According to the uncovered interest rate parity, in 12 months, the JPY/USD exchange rate would most likely be:
Did someone found it weird that the solution seems to use the covered interest rate parity instead of the uncovered formula? I still didn’t get exactly the difference between these two…
There is no formula for _ covered interest rate parity_, nor a formula for _ uncovered interest rate parity_.
There is a formula for _ interest rate parity _. No adjective.
The only difference between covered interest rate parity and uncovered interest rate parity is that the former has a security (a forward or futures contract) that ensures that that formula will hold, while the latter does not. But the formula doesn’t depend on having that security or not; the formula’s the formula.
It’s confusing, because Schweser material seems to differentiate between these two…
According to pg 264 (2017 edition), it shows for each one a formula:
Covered interest arbitrage: F = ((1 + Ra * (days/360)) / (1 + Rb * (days/360))) * So
Uncovered interest rate parity: E(%dS) = Ra - Rb
The application of both in the question above gives us slightly different results - not enough to deviate from the other two alternatives, but still, it is not the same number…

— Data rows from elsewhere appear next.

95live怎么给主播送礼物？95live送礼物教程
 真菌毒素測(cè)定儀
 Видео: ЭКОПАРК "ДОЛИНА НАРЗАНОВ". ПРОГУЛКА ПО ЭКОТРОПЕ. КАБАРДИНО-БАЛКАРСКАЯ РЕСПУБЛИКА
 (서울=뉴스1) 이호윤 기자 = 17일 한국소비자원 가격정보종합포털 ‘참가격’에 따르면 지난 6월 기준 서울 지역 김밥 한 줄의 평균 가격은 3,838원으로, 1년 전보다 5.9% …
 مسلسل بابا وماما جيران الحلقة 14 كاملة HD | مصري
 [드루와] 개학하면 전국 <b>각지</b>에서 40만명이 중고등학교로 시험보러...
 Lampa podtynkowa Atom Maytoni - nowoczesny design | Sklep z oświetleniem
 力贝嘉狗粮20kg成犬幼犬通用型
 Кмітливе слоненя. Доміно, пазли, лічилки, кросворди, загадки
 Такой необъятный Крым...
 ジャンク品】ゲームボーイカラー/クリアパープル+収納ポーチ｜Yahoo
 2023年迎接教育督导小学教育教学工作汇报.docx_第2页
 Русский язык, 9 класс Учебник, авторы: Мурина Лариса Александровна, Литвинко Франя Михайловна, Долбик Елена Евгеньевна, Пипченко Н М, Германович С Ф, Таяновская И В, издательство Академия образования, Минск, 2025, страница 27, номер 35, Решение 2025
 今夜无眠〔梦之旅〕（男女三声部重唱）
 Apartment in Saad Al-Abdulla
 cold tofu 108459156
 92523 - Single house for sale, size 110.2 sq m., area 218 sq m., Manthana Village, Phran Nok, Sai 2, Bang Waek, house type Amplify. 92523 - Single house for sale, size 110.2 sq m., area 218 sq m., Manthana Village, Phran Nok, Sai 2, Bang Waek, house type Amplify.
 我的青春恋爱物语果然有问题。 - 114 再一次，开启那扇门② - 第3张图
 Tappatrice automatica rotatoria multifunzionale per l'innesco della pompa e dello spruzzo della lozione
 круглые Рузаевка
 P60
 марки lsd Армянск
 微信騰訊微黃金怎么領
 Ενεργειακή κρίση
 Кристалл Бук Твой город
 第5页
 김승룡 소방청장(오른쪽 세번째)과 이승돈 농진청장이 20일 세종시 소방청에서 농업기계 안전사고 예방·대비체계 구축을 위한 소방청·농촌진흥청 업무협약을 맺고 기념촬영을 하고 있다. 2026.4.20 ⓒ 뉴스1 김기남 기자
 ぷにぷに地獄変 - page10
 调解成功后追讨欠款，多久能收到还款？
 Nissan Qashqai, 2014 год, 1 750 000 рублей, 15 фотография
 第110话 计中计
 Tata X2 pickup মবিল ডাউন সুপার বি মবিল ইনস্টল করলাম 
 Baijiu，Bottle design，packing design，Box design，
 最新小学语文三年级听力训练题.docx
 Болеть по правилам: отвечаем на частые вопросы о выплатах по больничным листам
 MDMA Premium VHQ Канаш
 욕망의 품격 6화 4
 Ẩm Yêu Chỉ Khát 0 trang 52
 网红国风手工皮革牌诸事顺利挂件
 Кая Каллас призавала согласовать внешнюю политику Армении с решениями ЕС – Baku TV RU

It really doesn’t make sense this exercise, I mean, also the way they explain the solution…
The same for question 15: covered interest parity, from the theory (even Schweser notes): E(%DeltaS) A/B = Ra -Rb
I would solve it by looking at the difference in interest rates and then this is the chance in the spot rate. They solve it like: Spot x (1+Ra)/(1+Rb)
And what makes me laugh is that in the solution they make a reference on the page of the book where they solved the exercise with the first formula, not the one they used (and leads to different results!)